Extending TrOCR for Text Localization-Free OCR of Full-Page Scanned Receipt Images

December 11, 2022 · Declared Dead · 🏛 2023 IEEE/CVF International Conference on Computer Vision Workshops (ICCVW)

"No code URL or promise found in abstract"

Evidence collected by the PWNC Scanner

Authors Hongkuan Zhang, Edward Whittaker, Ikuo Kitagishi arXiv ID 2212.05525 Category cs.CL: Computation & Language Cross-listed cs.CV Citations 10 Venue 2023 IEEE/CVF International Conference on Computer Vision Workshops (ICCVW) Last Checked 4 months ago

Abstract

Digitization of scanned receipts aims to extract text from receipt images and save it into structured documents. This is usually split into two sub-tasks: text localization and optical character recognition (OCR). Most existing OCR models only focus on the cropped text instance images, which require the bounding box information provided by a text region detection model. Introducing an additional detector to identify the text instance images in advance adds complexity, however instance-level OCR models have very low accuracy when processing the whole image for the document-level OCR, such as receipt images containing multiple text lines arranged in various layouts. To this end, we propose a localization-free document-level OCR model for transcribing all the characters in a receipt image into an ordered sequence end-to-end.
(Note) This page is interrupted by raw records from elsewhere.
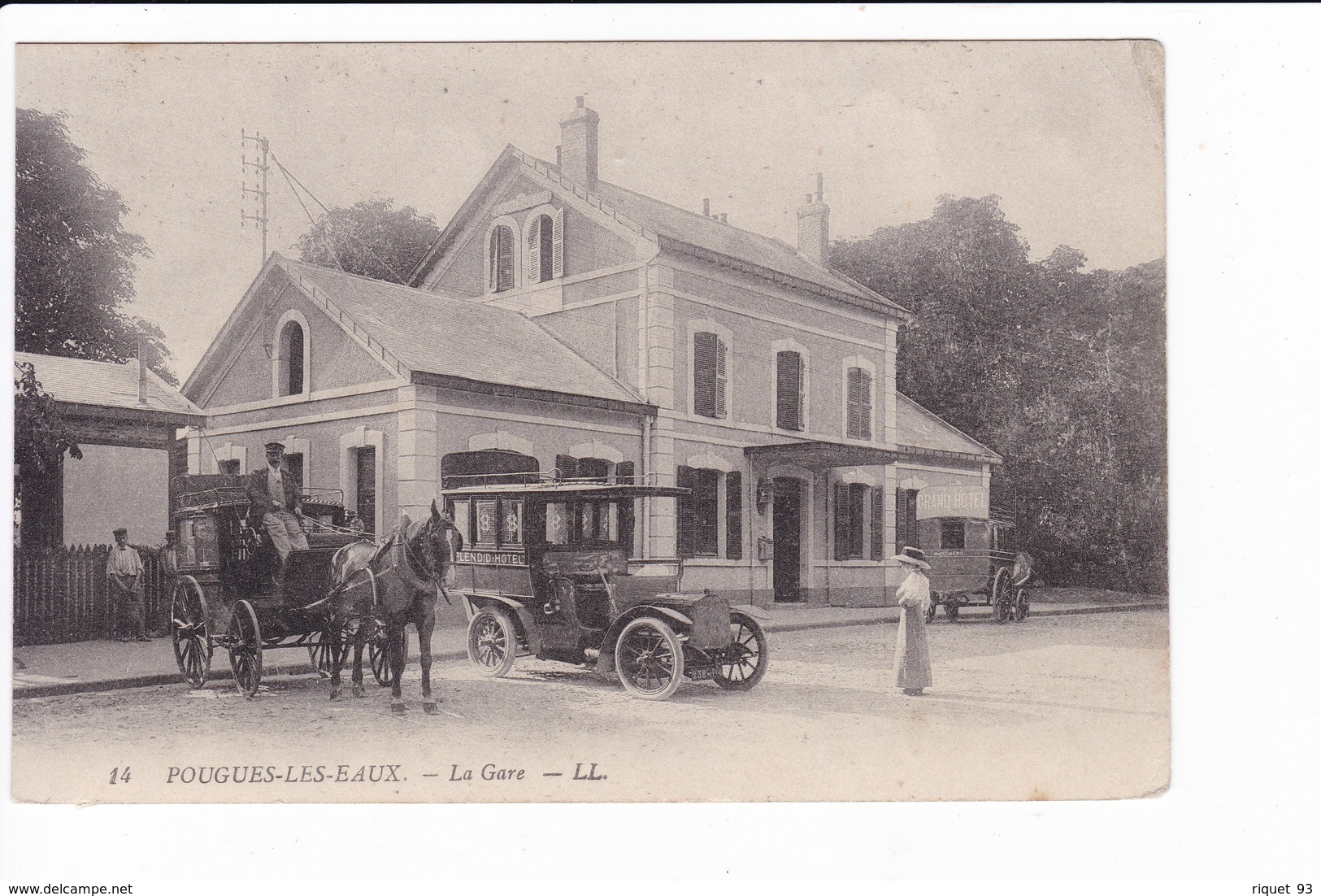 14 - POUGUES-LES-EAUX - La Gare (animée, Calèche Et Bus Automobile) - Pougues Les Eaux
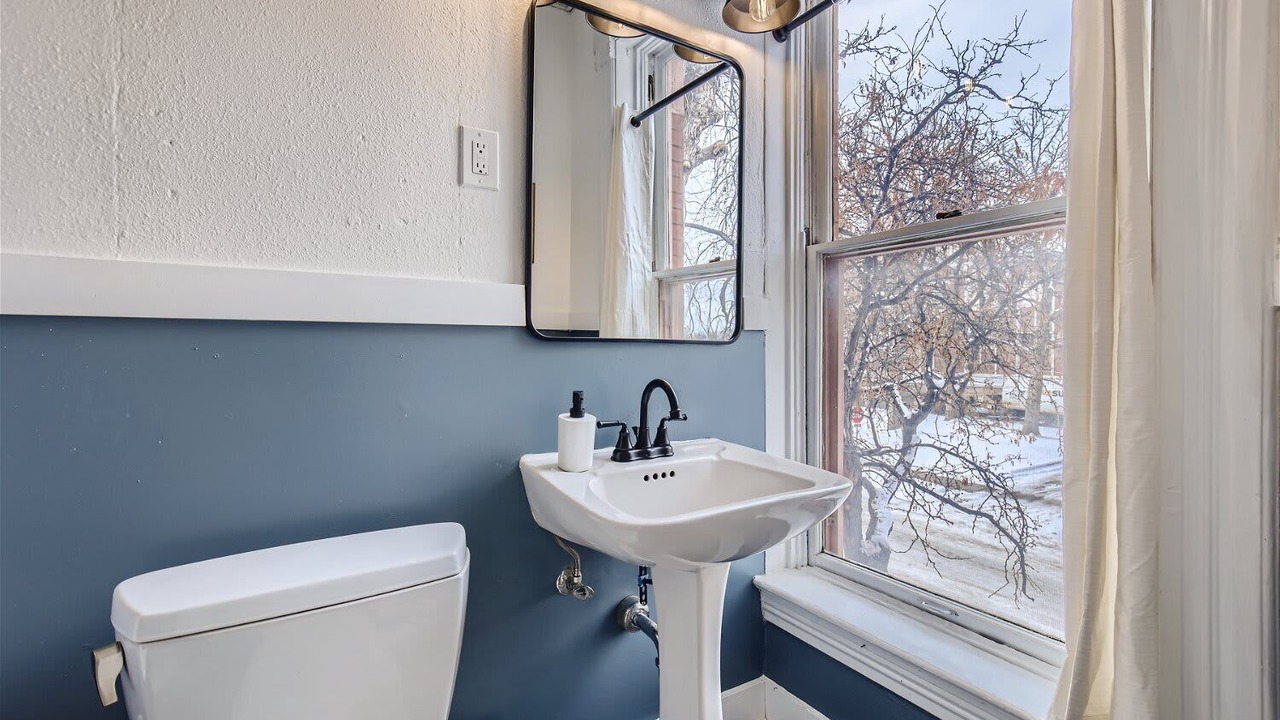 Photo of Bathroom in City Park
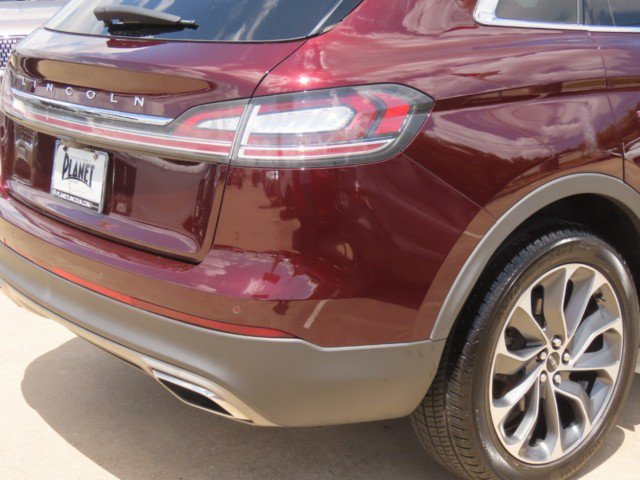 Used 2022 Lincoln Nautilus Reserve FWD image 10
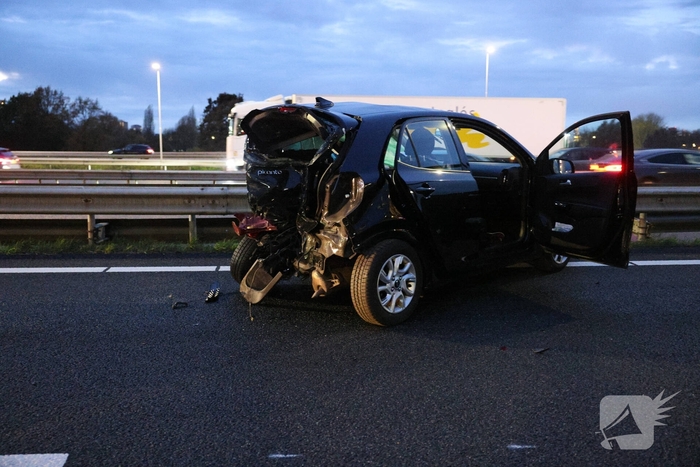 Zwaargewonden bij kettingbotsing op snelweg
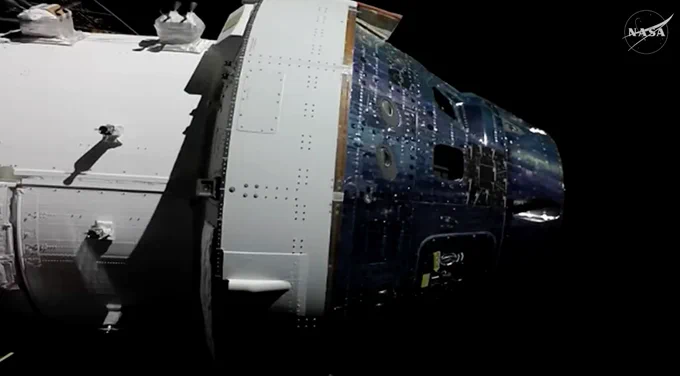 Spacecraft 'selfie' taken on 4 April 2023, 2 day and 20 hours into the flight, by a camera on one of the solar arrays, from left: European Service Module, Adapter Module and Crew Module (pic: NASA). 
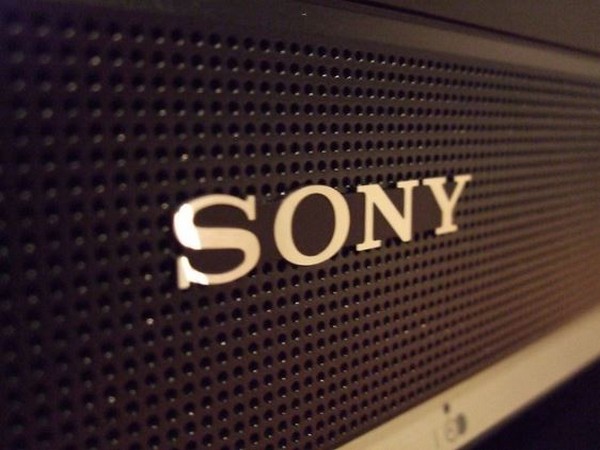 Sony rebooting 'Anaconda', Evan Daugherty on board as writer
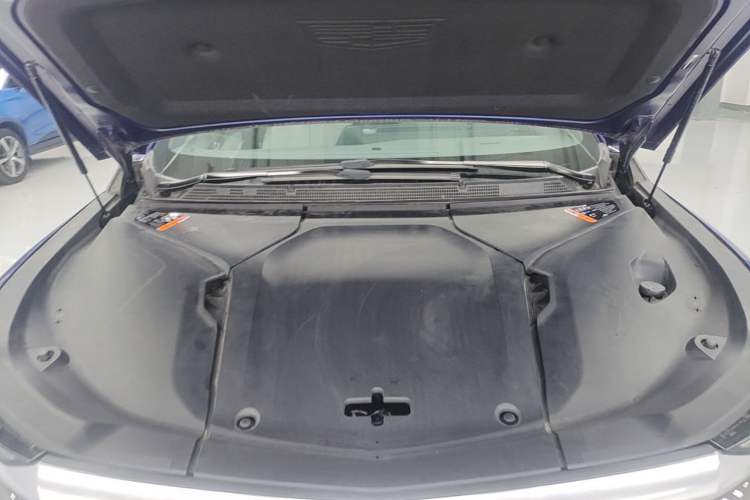 Used Cadillac OPTIQ 2024 Standard Range Version Engine Bay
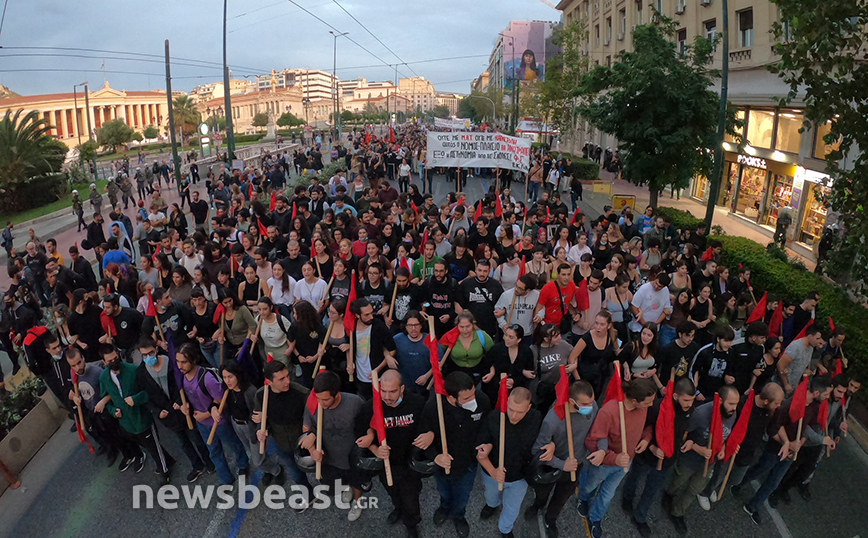 Φοιτητικό συλλαλητήριο στα Προπύλαια – Έκλεισε η Πανεπιστημίου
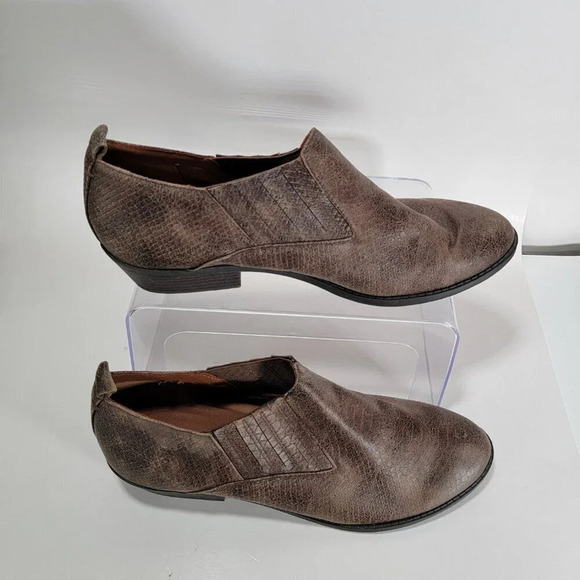 Indigo Womens‎ 9.5 Brown Slip On Ankle Shoes Casual Synthetic - Picture 11 of 11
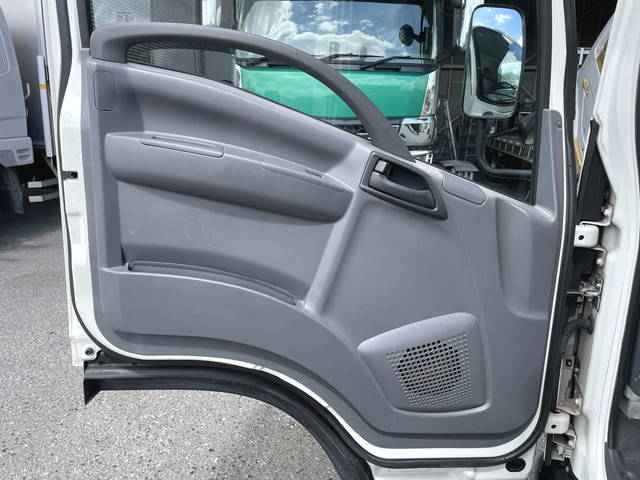 いすゞエルフ冷凍車（冷蔵車）小型（2t・3t）[写真29]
Specifically, we finetune the pretrained instance-level model TrOCR with randomly cropped image chunks, and gradually increase the image chunk size to generalize the recognition ability from instance images to full-page images. In our experiments on the SROIE receipt OCR dataset, the model finetuned with our strategy achieved 64.4 F1-score and a 22.8% character error rate (CER), respectively, which outperforms the baseline results with 48.5 F1-score and 50.6% CER. The best model, which splits the full image into 15 equally sized chunks, gives 87.8 F1-score and 4.98% CER with minimal additional pre or post-processing of the output. Moreover, the characters in the generated document-level sequences are arranged in the reading order, which is practical for real-world applications.